Football Trust hit by lottery
The impact of the National Lottery was highlighted yesterday when the Football Trust announced it was turning to the FA Premier League and National Sports Council to help fund work demanded at grounds by the Taylor Report.
The Trust has been forced to put on hold money it had hoped to earmark for stadium work in the lower divisions of the Football League because of the dramatic impact the lottery has had on its funds. The Trust's income from its prime sources - weekly pools and spot the ball competitions - has fallen so dramatically that it has only pounds 15m left to allocate for ground improvements until the year 2000.
Liberia's sports minister, Francois Massaquoi, thinks the six-match suspension of the Milan striker George Weah by Uefa was racially motivated. European football's governing body banned Weah, last year's World, European and African player of the year, for half a dozen European matches for headbutting Porto's Jorge Costa last month.
Massaquoi said: "We believe it was racially motivated, a design to deny him a second world title because a black man shouldn't dominate the world for the second time."
The South African-born striker Sean Dundee has been granted German citizenship. Dundee, who was courted by the Republic of Ireland when it was learned his grandparents were Irish, plays for Karlsruhe and is the Bundesliga's top scorer this season with 13 goals.
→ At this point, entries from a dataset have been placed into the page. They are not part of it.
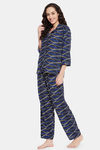 Clovia Rayon Pyjama Set - Blue — thumbnail 3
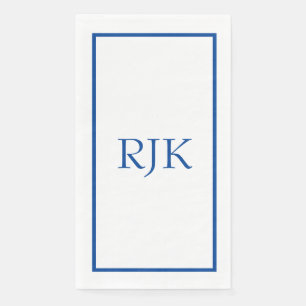 Monogram Initials Custom Name Blue Trendy 2023  Napkin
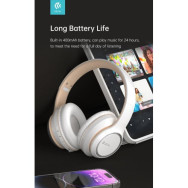 Devia Cuffia wireless EM039 bluetooth V. 5.2 ricaricabile Bianca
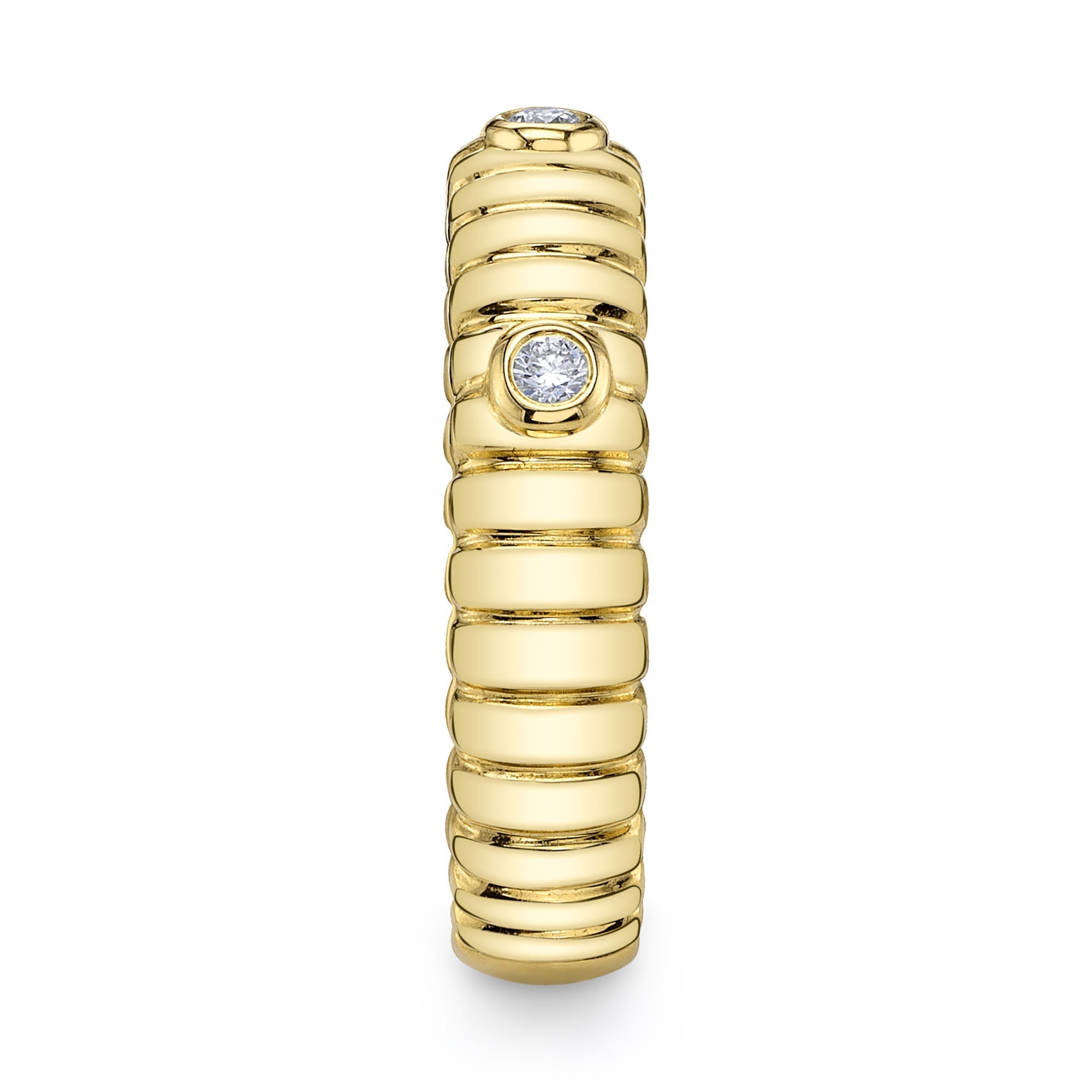 0.08CT 14K Y/G DIAMOND BEZEL RIBBED BAND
He applied for citizenship using a fast-track method reserved for cases of "public interest," with the German federation backing him.
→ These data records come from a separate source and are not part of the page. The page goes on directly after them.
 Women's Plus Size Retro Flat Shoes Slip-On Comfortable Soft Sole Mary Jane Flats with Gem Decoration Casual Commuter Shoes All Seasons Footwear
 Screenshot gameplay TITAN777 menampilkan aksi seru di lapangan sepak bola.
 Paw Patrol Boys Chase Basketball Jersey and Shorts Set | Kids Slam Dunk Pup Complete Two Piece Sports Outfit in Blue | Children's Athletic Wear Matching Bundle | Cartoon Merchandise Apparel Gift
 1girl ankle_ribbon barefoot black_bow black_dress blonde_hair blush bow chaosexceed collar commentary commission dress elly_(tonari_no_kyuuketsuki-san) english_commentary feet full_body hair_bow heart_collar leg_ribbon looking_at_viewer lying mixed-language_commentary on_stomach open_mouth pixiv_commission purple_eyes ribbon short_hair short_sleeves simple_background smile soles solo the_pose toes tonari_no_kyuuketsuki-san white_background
Romania's captain, Gheorghe Hagi, will not play for his country again unless the Romanian federation's press officer is dismissed. Hagi, who plays in Turkey for Galatasaray, said the federation's Sorin Satmari had fabricated an interview, published in the Bucharest daily Ziua at the weekend, in which the midfielder allegedly said his former club Steaua Bucharest were badly managed and drove players out of the country by paying poor salaries.
A car dealer in the United Arab Emirates has bought all the tickets for the semi-finals and final of the Asian Cup to give them away to the public at their showrooms in the country. The car dealers paid one million UAE dirhams (pounds 175,000) for them.